Dear Walter “Space Cowboy” Girkins,
We have received your request for early termination of your artist’s residency on Mars; your request has been denied.
Look, the sun’s about to set and our solar array’s gonna power down, so I’ll be quick—your draft is a mess. Do you read any of the news we’ve sent? Things are bleak down here: everyone read Allen Ginsberg and learned all the wrong lessons; fiction’s all gone semi-automatic; Barnes & Noble merged with Sweetgreen and now they’re both getting gutted by private equity.
The world’s in a bad place. People need something real. So, when I got this week’s status update on your ‘daring’ modern epic, Dandelion Rhapsody, and I saw it’s up to sixty-thousand words now, you’ll forgive me if I’m unimpressed. I know you’re already imagining the New-new York Times review: “A piece that resists convention, categorization, or easy reading — yet, the prose sings. The work of a true literary genius.” But Walter, that review’s not gonna come from this piece. Nobody wants to read this many words about the year you were sad in Brooklyn.
The thing is — there might be a story in this piece, but you’re too afraid to find it. I’m beginning to think you’ve never been interested in finding it, really. I think you just wanted the cryosleep. I think you wanted a red rusty planet on which to wallow, a new setting for your sorrow to metastasize, like it’s the studio apartment in the city that your parents ‘helped you out’ with.
Walt, you know me. We’ve been talking for years now. Can I ask something, sincerely?
Have you ever had a revelation? You’ve lived a whole life—you’re the first man on Mars, for Christ’s sake—have you ever had a single ‘a-ha’ moment? Have you ever held someone like you were scared they’d leave, like you hoped it’d make them stay? You call the trees in Bushwick “wooden arms praying to the sky,” — but have you ever actually prayed? We all know what you’ve lost by now, but have you ever found something?
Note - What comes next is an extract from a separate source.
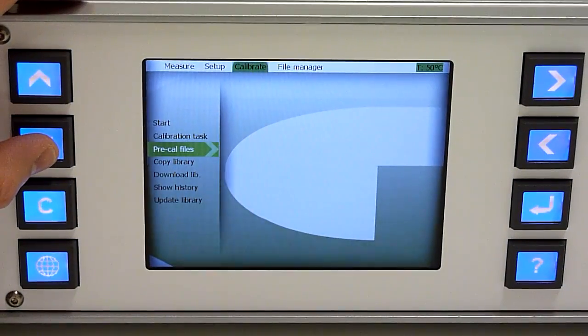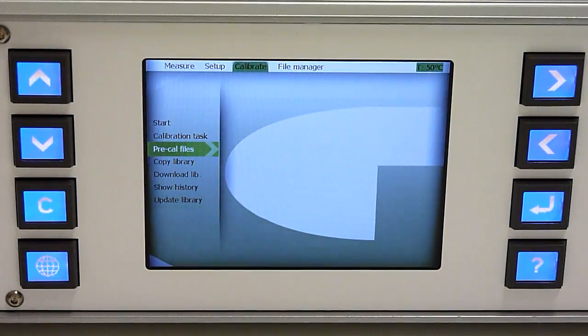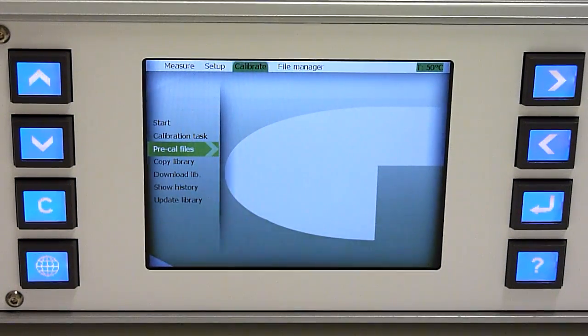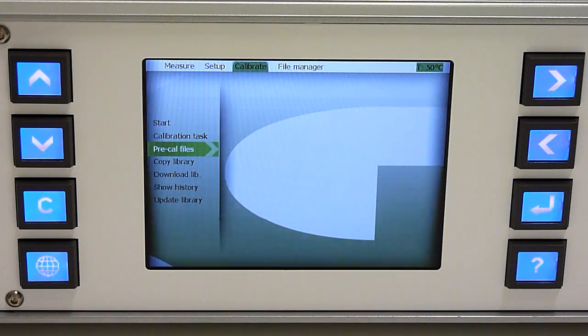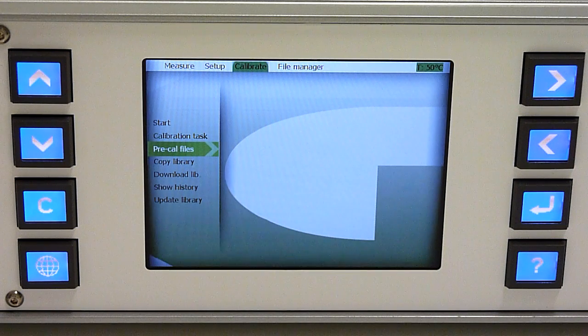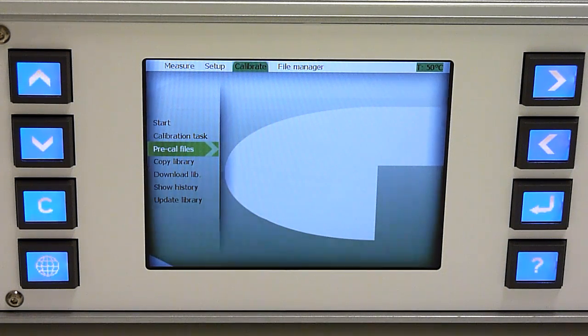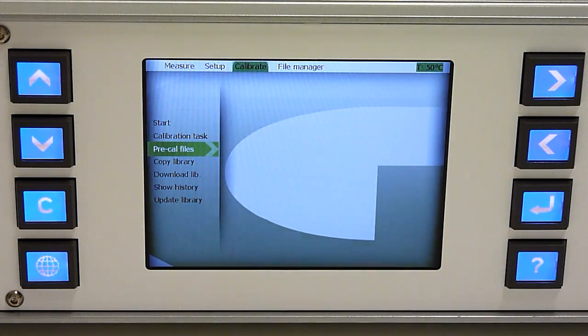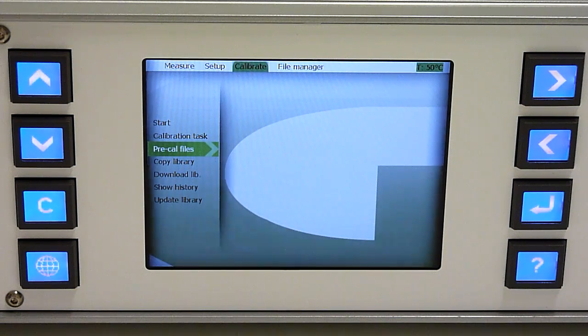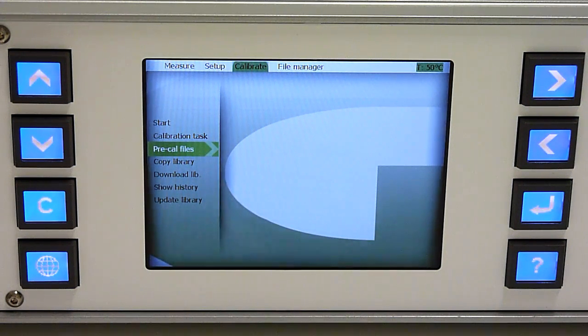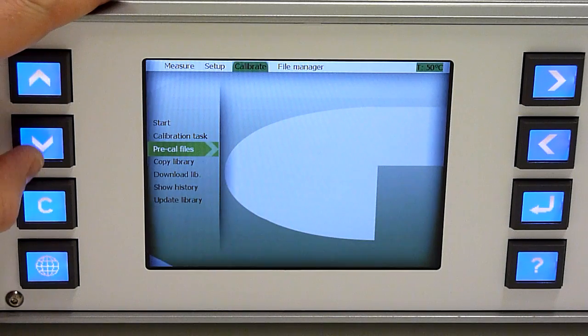Pre-calibration files are files that enhance the instrument dynamic range during the measurement. Those are factory installed and will be provided by Gasera for new gases.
Look, Walt, I know this sounds harsh, but I’m rooting for you. I’m the only left here who thinks you’ve got a shot. So this week, I’ve got homework for you. Set aside the draft, and complete the following exercises:
- Tell a joke that makes you laugh, and keep it to yourself.
- Write a list of everyone you’ve ever loved and the color of their eyes. Then, crumple it and eat it whole.
- Sew two sockpuppets and build a stage. Make them talk until they find a perfect string of words (like monkeys in the infinite typewriter), until they stumble on a magic phrase with the power to make any old sock feel like it, too, has an animating hand inside of it.
God, look at those stacked metaphors — I feel like I’m turning into you.